Paeoniflorin modulates AGEs/RAGE/P38MAPK/ERK/mTOR autophagy pathway to improve cognitive dysfunction in MRL/lpr mice.

Objective: The objective of this study was to investigate the therapeutic effects of paeoniflorin (PA) on cognitive impairment and to elucidate its potential mechanisms in MRL/lpr mice, a model of systemic lupus erythematosus-associated cognitive dysfunction.

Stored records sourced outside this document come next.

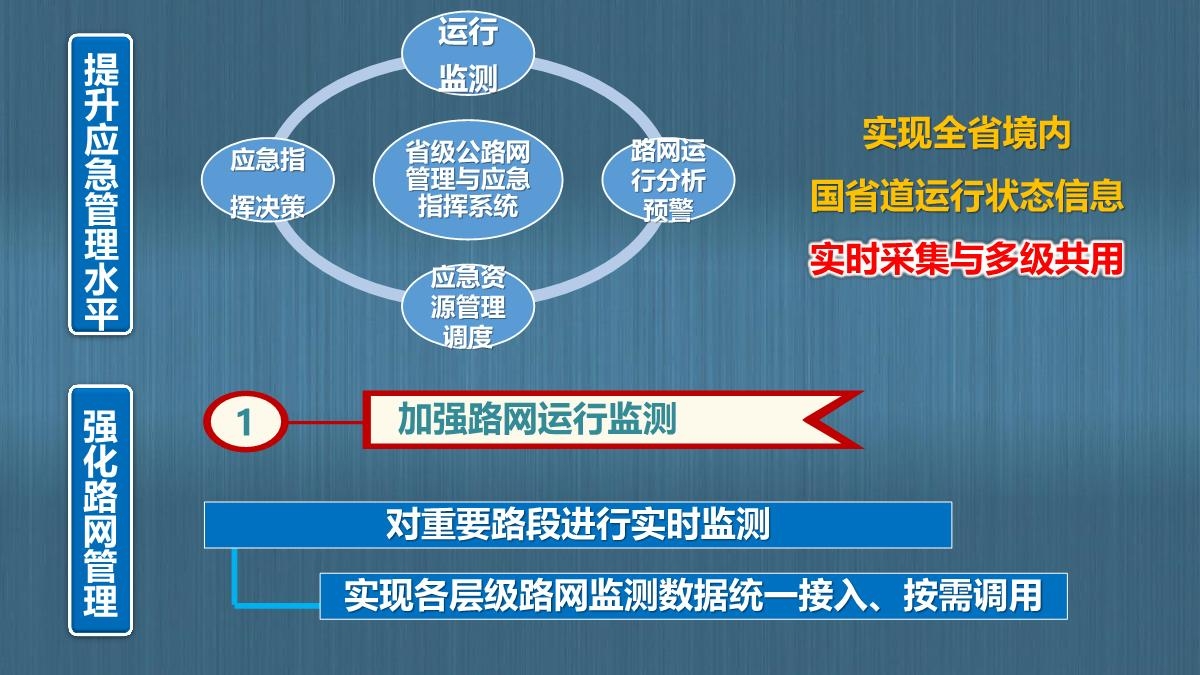 图解陕西省公路“十四五发展规划_31.JPG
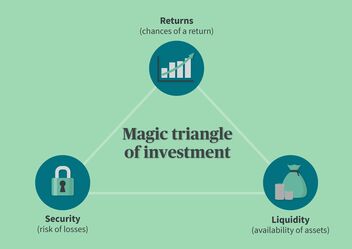 Infographic on the magic triangle of investment with the pillars: return, security, and liquidity.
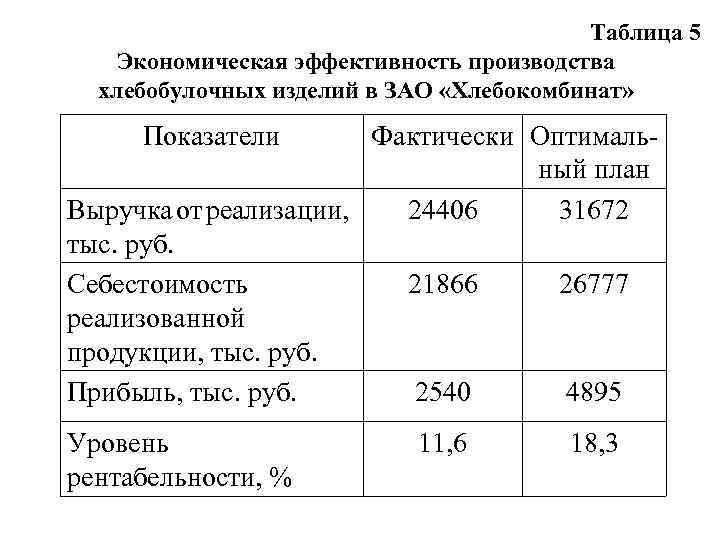 Таблица 5 Экономическая эффективность производства хлебобулочных изделий в ЗАО «Хлебокомбинат» Показатели Фактически Оптимальный план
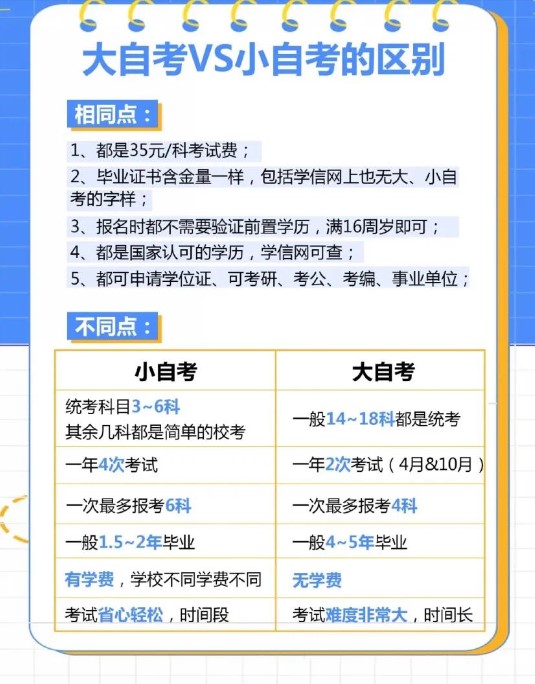 大自考和小自考的區別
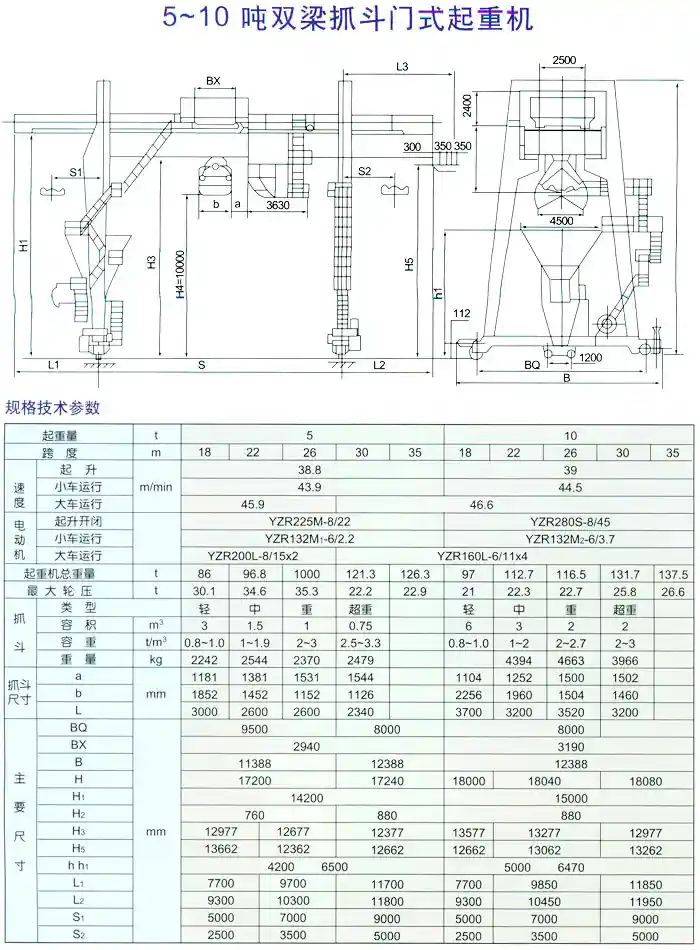 5~10吨双梁抓斗门式起重机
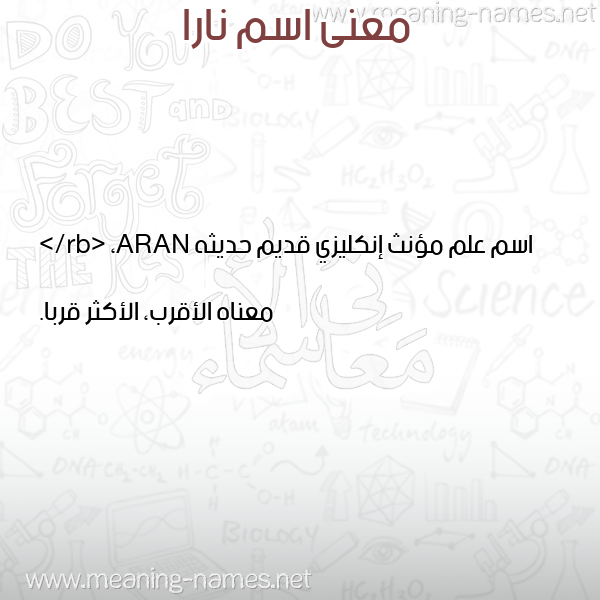 صورة اسم نارا Nara معاني الأسماء على صورة صورة اسم نارا Nara معاني الأسماء على صورة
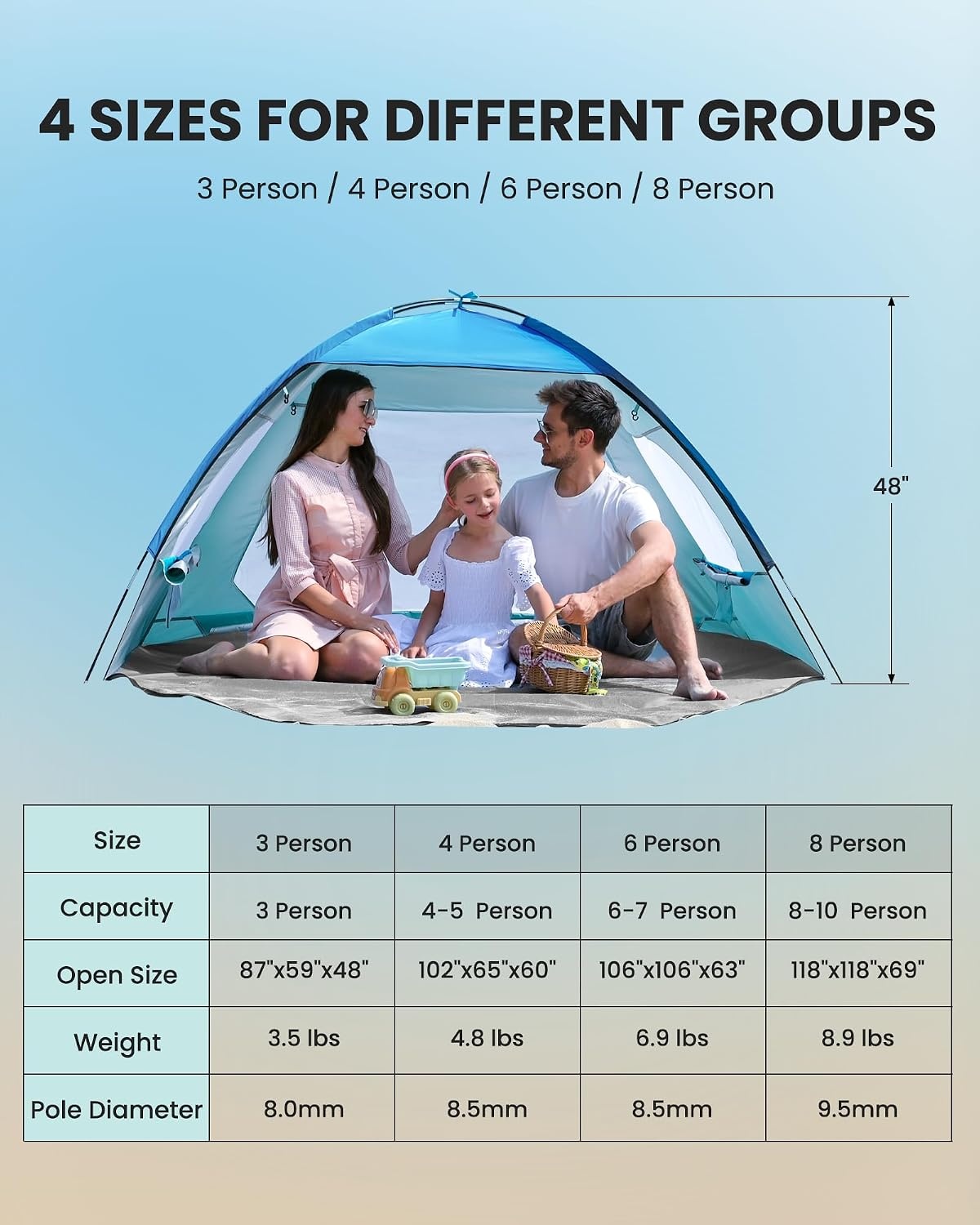 image:imageOutdoorMaster Beach Tent for 3468 Person Portable Sun Shade ShelterBlue
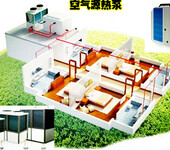 空气能热泵的制冷制热原理山东耿坊铨空气源热泵原理介绍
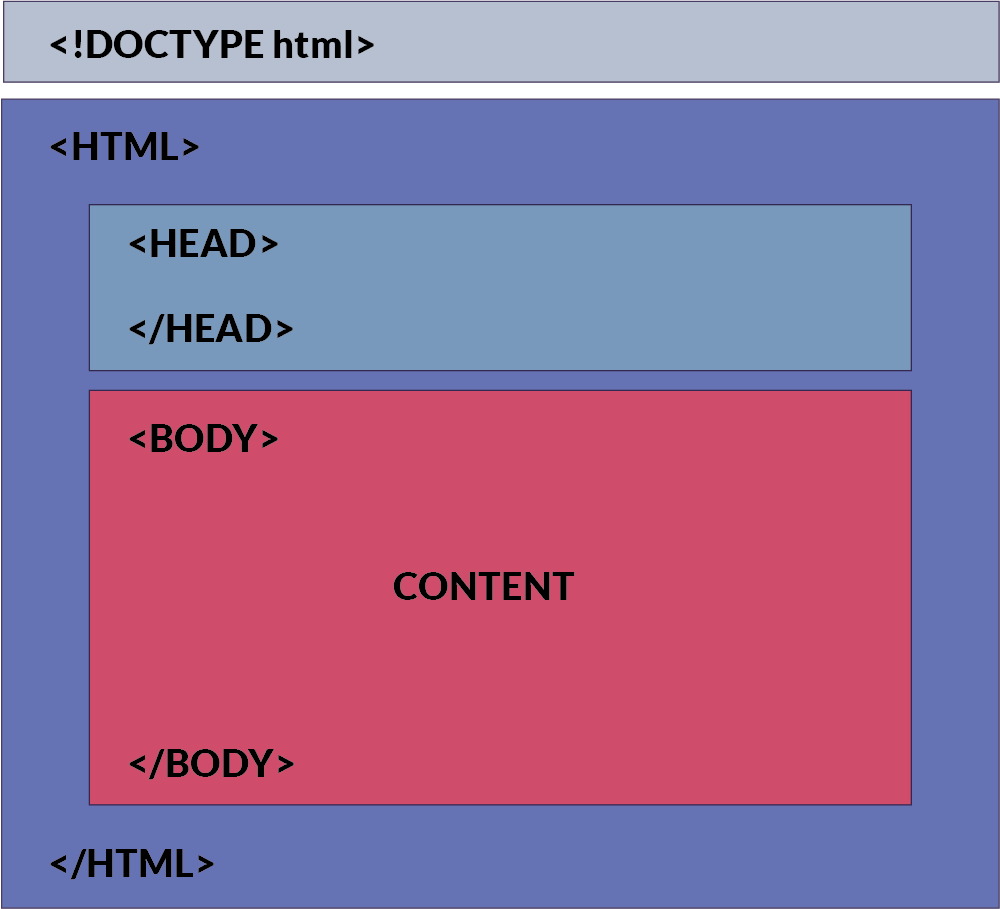 <p>Struktura strony internetowej w HTML składa się z deklaracji dokumentu <code><!DOCTYPE html></code>, elementu <code><html></code>, w którym znajdują się elementy <code><head></code> i <code><body></code>.</p>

Method: Cognitive performance and behavioral responses were assessed using a comprehensive battery of tests, including the Morris water maze, the Novel object recognition test, and the Y maze. Neuropathological changes in the hippocampal regions were visualized through Nissl, HE and Immunohistochemistry staining. Protein expression levels of receptor for advanced glycation end-products (RAGE) and LC3B were quantified by immunofluorescence, while the ultrastructure of autophagic organelles was examined using transmission electron microscopy (TEM). Inflammatory cytokines, namely tumor necrosis factor-alpha (TNF-α), interleukin-1 beta (IL-1β), and interleukin-6 (IL-6) were quantified in both serum and hippocampal homogenates by enzyme-linked immunosorbent assay (ELISA). The hippocampal expression of advanced glycation end-products (AGEs), RAGE, p62, Beclin-1, and key proteins involved in the mitogen-activated protein kinase (MAPK) pathways, including p38MAPK, ERK, and mTOR were analyzed by Western blotting.

Result: Paeoniflorin ameliorates cognitive dysfunction, neuronal damage, pro-inflammatory cytokine production in MRL/lpr mice. Paeoniflorin suppresses RAGE and autophagy levels and P38 MAPK/ERK/mTOR signaling pathway activation in the hippocampus of MRL/lpr mice.

Conclusion: Paeoniflorin may exert its neuroprotective effects by modulating the AGEs/RAGE/P38MAPK/ERK/mTOR autophagy signaling pathway.